**Aim of the task**
Find "4/278 Springvale Road, Forest Hill, Vic 3131" and "x nike blazer" in the records below. Copy the lines holding them and every line between, exactly, and no others.

**Data records**
--- START ---

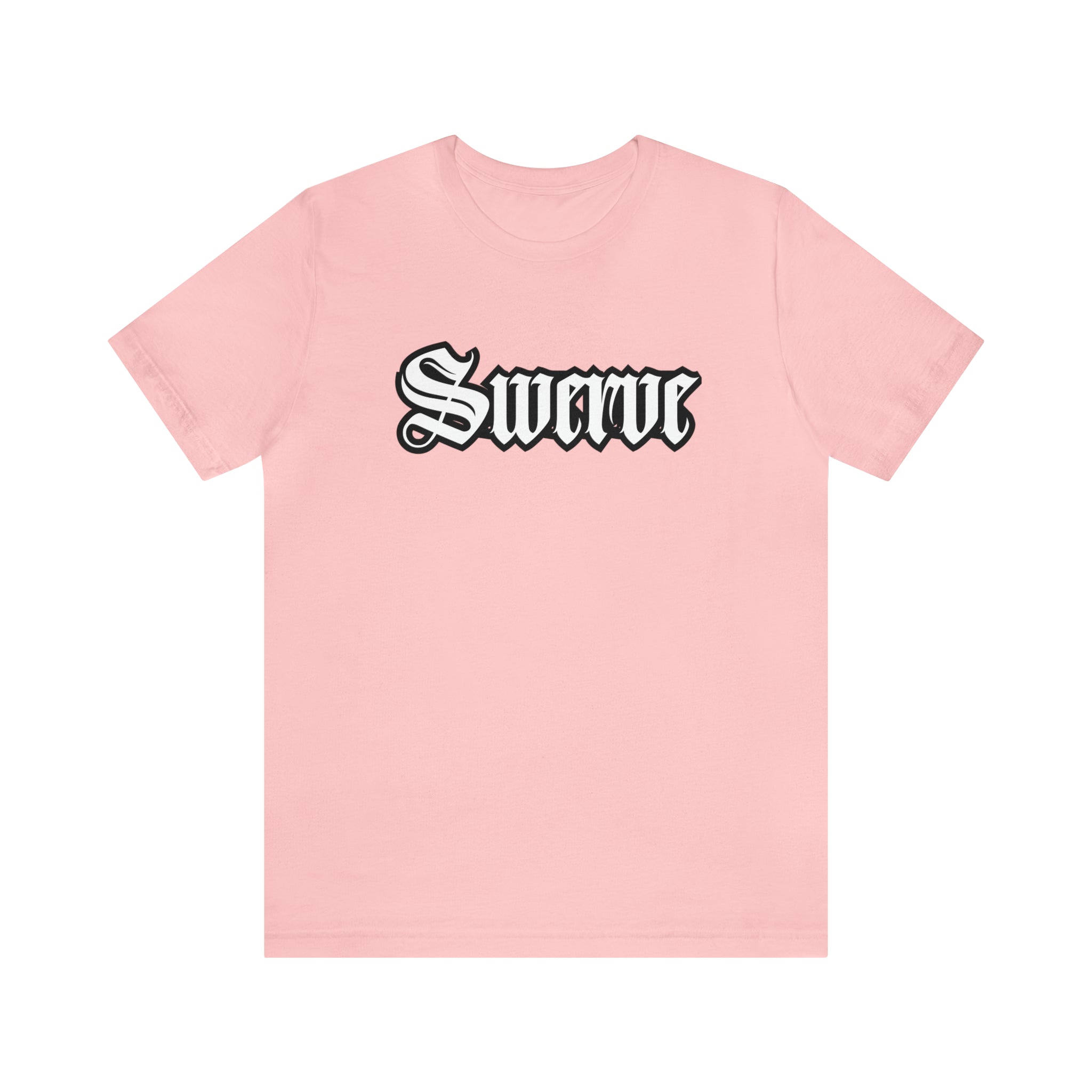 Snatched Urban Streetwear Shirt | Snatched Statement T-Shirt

--- END ---
--- START ---

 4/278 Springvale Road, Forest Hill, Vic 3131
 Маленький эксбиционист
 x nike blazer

--- END ---
--- START ---

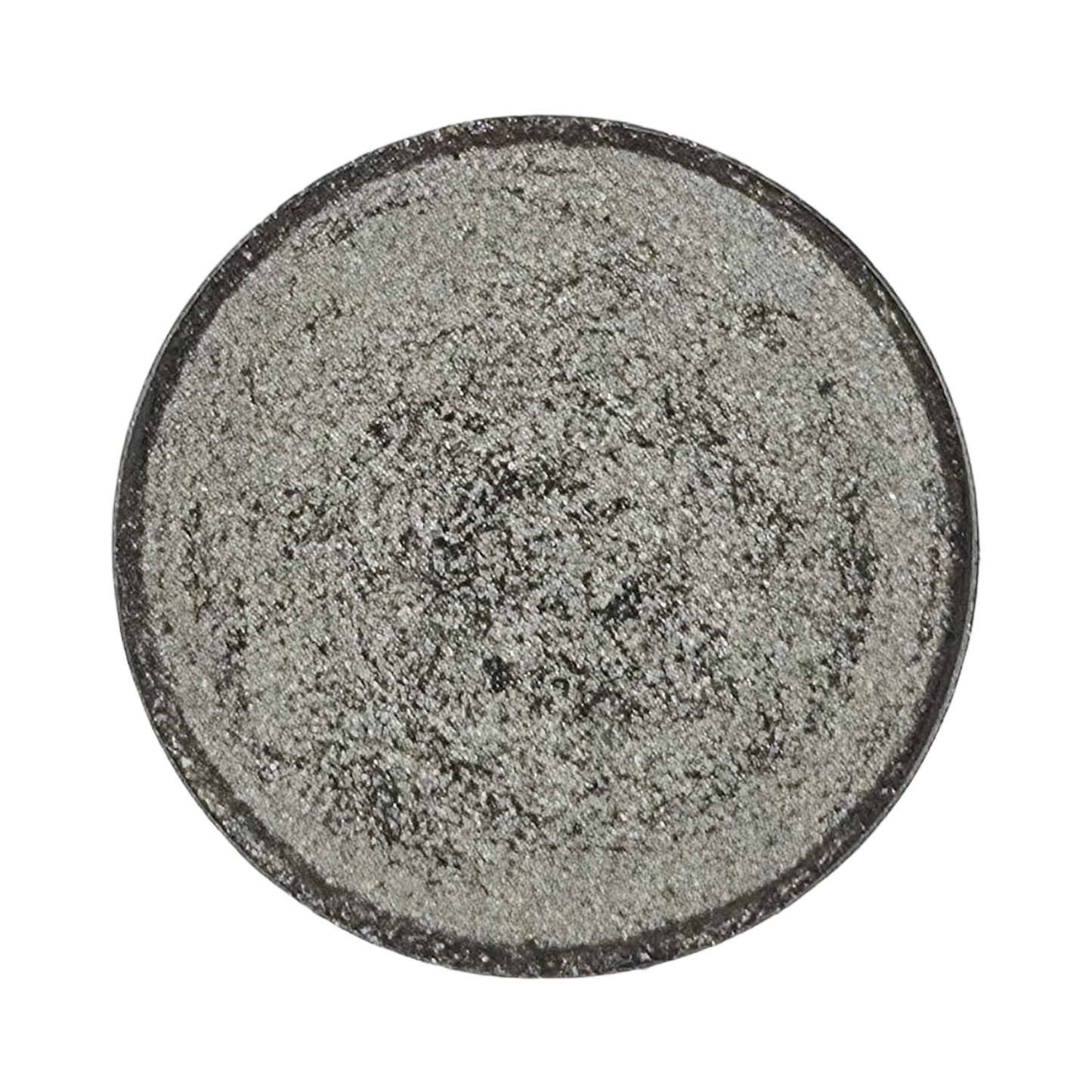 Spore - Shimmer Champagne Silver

--- END ---

**Task solution**
 4/278 Springvale Road, Forest Hill, Vic 3131
 Маленький эксбиционист
 x nike blazer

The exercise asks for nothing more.